REASONS FOR JUDGMENT
ALLSOP J
21 I have had the advantage of reading in draft the reasons for judgment of Branson J. I agree with them and with the orders that her Honour proposes.
22 The applicants sue the respondents and others in respect of conduct that is said to amount to contraventions of the Trade Practices Act 1974 (Cth). The substantive complaints of the applicants concerned the activity of the respondents in respect of bidding for rights to broadcast on television different codes of football, AFL and Rugby League. A pay television channel owned or run by the applicants, or one or more of them ("C 7") had, at that time of the impugned conduct of the respondents, the AFL rights. It lost those rights to rivals after the negotiations the subject of complaint.
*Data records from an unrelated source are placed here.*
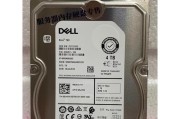 戴尔电脑硬盘读取错误的原因及解决方法（探索戴尔电脑硬盘读取错误的根源和有效解决方案）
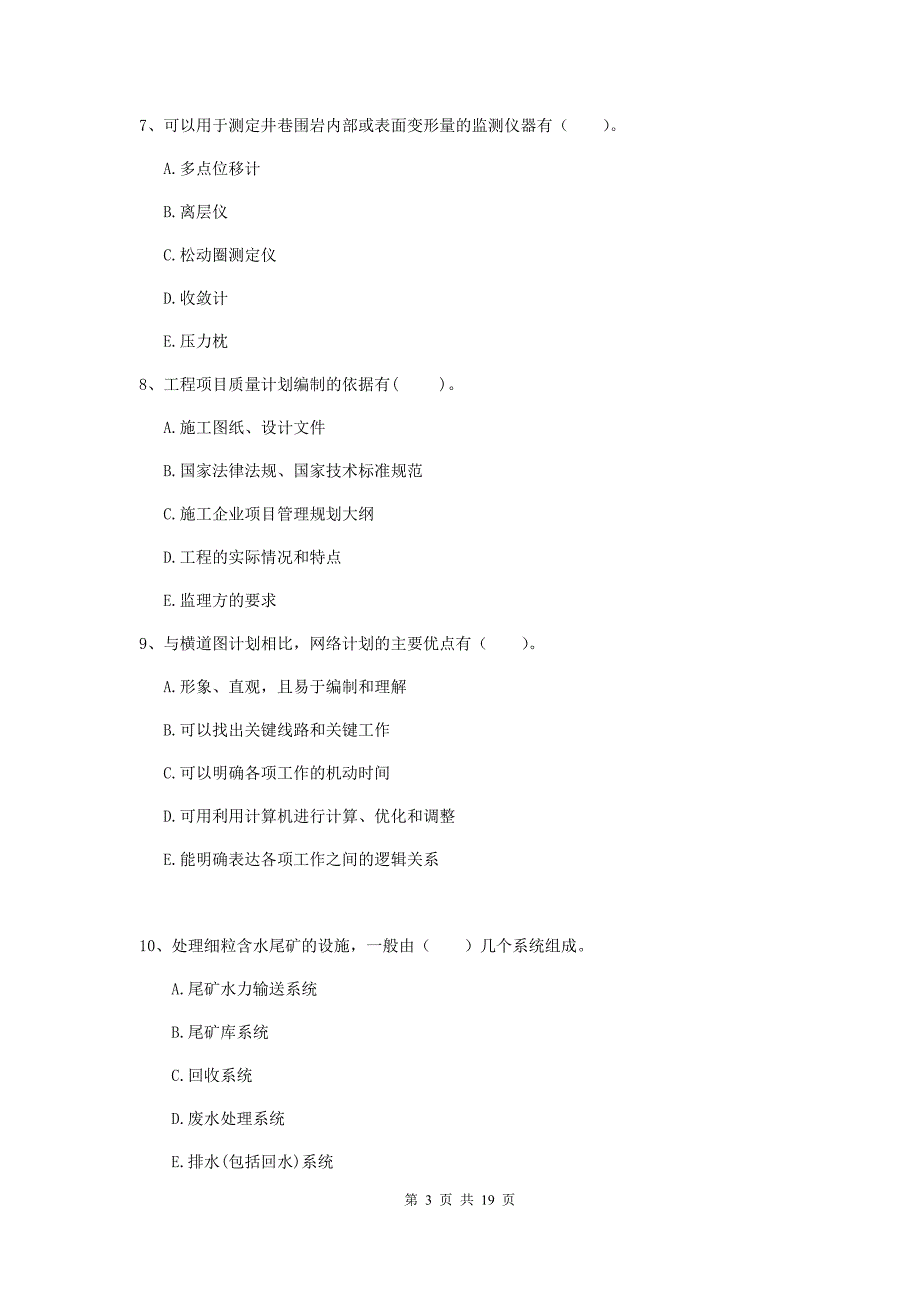 国家一级注册建造师《矿业工程管理与实务》多项选择题【60题】专项训练d卷 （附答案）_第3页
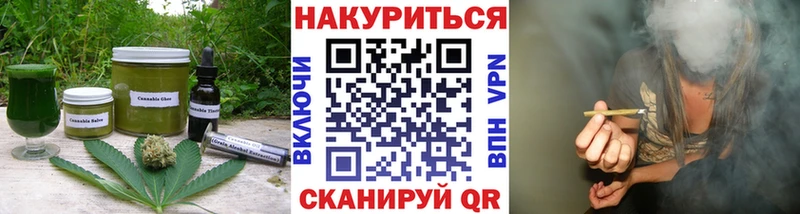 Cannafood конопля  Палласовка 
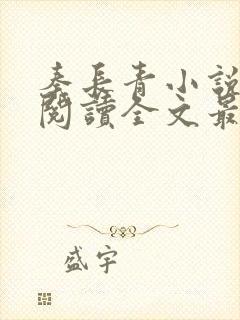 秦长青小说免费阅读全文最新章节封面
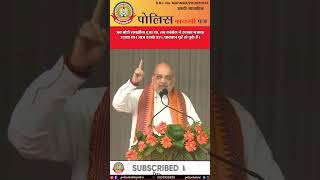 🔴जब बोडो समझौता हुआ था, तब कांग्रेस ने इसका मजाक उड़ाया था। आज इसके 82% प्रावधान पूरे हो चुके हैं।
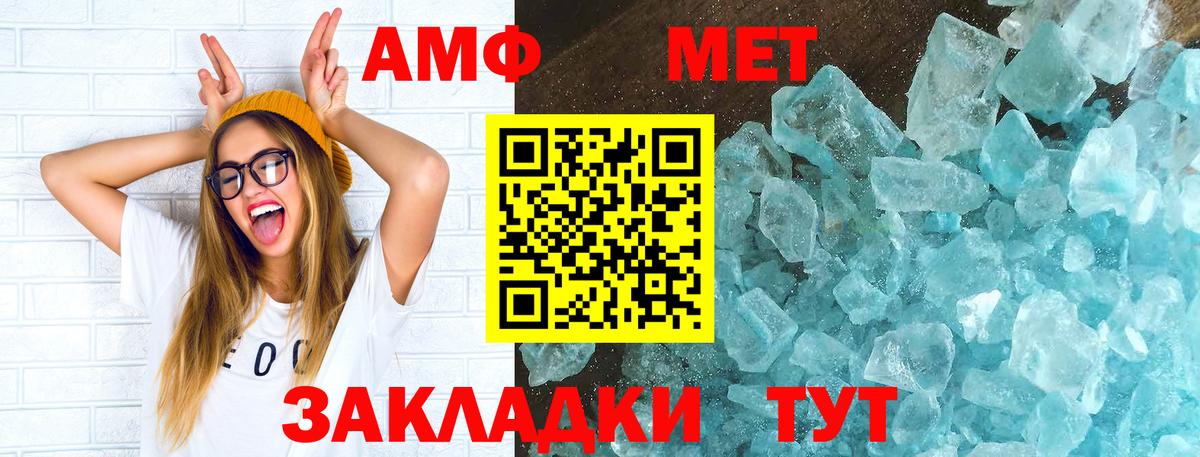 АМФЕТАМИН VHQ Карпинск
23 The applicants, by detailed written and oral submissions, sought to persuade the Australian Competition and Consumer Commission (the "ACCC") to take legal action against, or at least commence an investigation into the bidding of, the respondents, or some of them. The ACCC declined to take that course. Thereafter, the applicants brought proceedings themselves. Those proceedings are due to commence in this Court on Monday, 18 July 2005 and are expected to take up considerable hearing time.
24 As part of what might be called the lobbying of the ACCC, a meeting was held on 12 December 2000. In attendance were three senior executives of two of the applicant companies, two partners of the solicitors then (and now) acting for the applicants and two officers of the ACCC. There can be no doubt that at the meeting the applicants, in particular through Mr Gray and Mr Gammell, one of the solicitors and one of the applicants' officers, respectively, sought to convince the ACCC of the anti-competitive nature of what the notes of the meeting described as "the joint bid for AFL broadcasting rights by News Ltd, the Nine Network, Telstra and the Ten Network".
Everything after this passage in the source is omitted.